Als am 28. November 1671 abends die k. Commission dem seit mehr als anderthalb Jahren im Gefängniß verwahrten T. das harte Urtheil verkündigte, war er ganz vernichtet und versuchte es noch mit einer Bittschrift an den Kaiser, daß seine Todesstrafe in lebenslängliches Gefängniß umgewandelt werden möge. Als er dies für nutzlos erkannte, verfiel er neuerdings in Ohnmachten, Krämpfe und Jammern und ermannte sich erst nach längerem Zuspruche. Er nahm dann Abschied von seinem 14jährigen Sohne aus erster Ehe, traf seine letzten Verfügungen, richtete dann ein Bittgesuch an den Kaiser zu Gunsten seines unschuldigen, verwaisten Sohnes und wurde am 1. December 1671 auf dem Grazer Rathhause, aber erst mit vier Schwertstreichen, vom Leben zum Tode befördert. Sein Name ward aus der steiermärkischen Adelsmatrikel gestrichen, seine steirischen und schlesischen Güter und alle bewegliche Habe fielen dem Fiscus anheim; die [418] Herrschaft Reinstein brachte dann das Kurhaus Brandenburg an sich. Die Wittwe des Hingerichteten, welche wegen der Beschlagnahme von ihrem Heirathsgute gegen den Fiscus die Rechtsklage anstrengte, erhielt 2000 fl. Jahrespension ausgeworfen. Sein Sohn Anton trat 1677 in das Reiner Cistercienserkloster und starb (1718) als Propst von Straßengel. Zwei Töchter lebten in Graz unverehelicht und abgeschieden noch geraume Zeit.

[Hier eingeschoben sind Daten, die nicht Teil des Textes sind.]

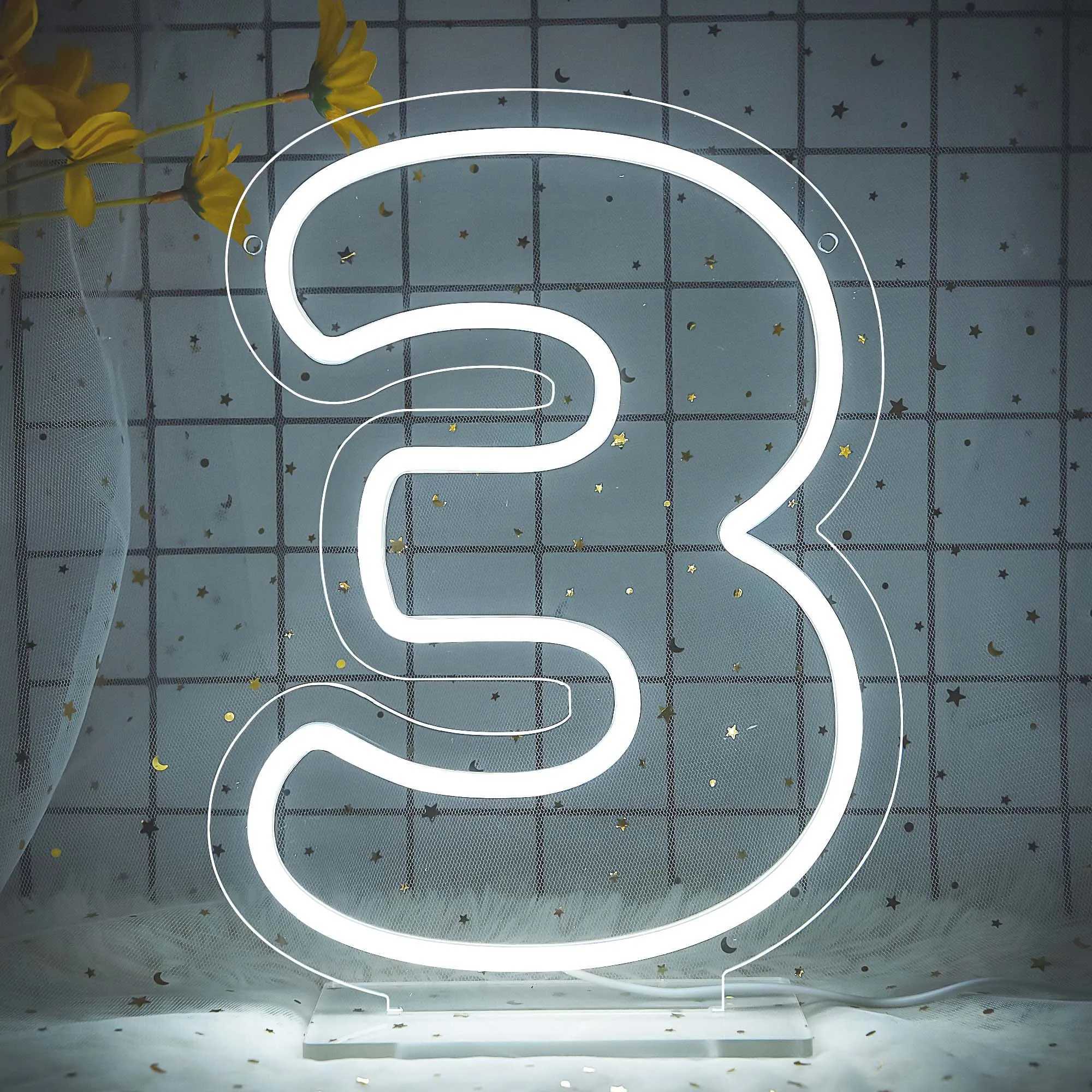 Number Neon Sign Wall Decor LED Lights Sign for Wedding Birthday Party Anniversary Home Number Light Decor Bar Decor XJ250626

Genealogie über die Familie T. bei Kneschke, Neues allgem. Adelslexikon IX (1870), 137–139 und in der neuesten Ausgabe d. steierm. Wappenbuchs von Bartsch, bearb. von J. v. Zahn u. A. v. Anthony-Siegenfeld S. 137–138. Graz 1893. – Beschreibung, wie es mit den Criminalprocessen und Execution wider Joh. Erasm. v. Tattenbach hergegangen (Wien 1672). – Wagner, hist. Leopoldi, magni Caesaris Augusti (1719, I, 225 f.). – (Rinck) Leopold’s des Gr. röm. K. wunderwürdiges Leben und Thaten … I, 566 (1718). – (Frhr. v. Hammer-Purgstall) Die Gallerin auf der Riegersburg, histor. Roman. 1845. II, 266–278 u. Anhang S. 310 ff. (actenmäßiges Material). – Puff, Berichtigung einiger geschichtlicher Irrthümer, die Verschwörung des Grafen Tattenbach in der Steiermark betreffend, Oesterr. Bl. für Litt. u. Kunst, herausg. von Schmidl. 1848. S. 29. und: Beiträge zur Kenntniß des Verschwörungsprocesses des Grafen Tattenbach u. s. w. Marburger Taschenbuch 1859. S. 168–205. – Krones, actenmäßige Beiträge zur Geschichte des Tattenbach’schen Processes v. J. 1670. (Mitth. des hist. Ver. f. Steierm. XII. J. (1863) S. 83–112.) A. Wolf, Fürst Wenzel Lobkowitz (S. 236 bis 330). Wien 1869. – Hauptwerk für den Criminalproceß Tattenbach’s: Rački, Acta coniurationem Bani Petri a Zrinio et com. Fr. Frangepani illustr. (Agram 1873, eine Reihe einschl. Corresp. und Acten). – Die magyarisch geschriebene Monographie von Pauler über die Magnatenverschwörung. Budapest 1876.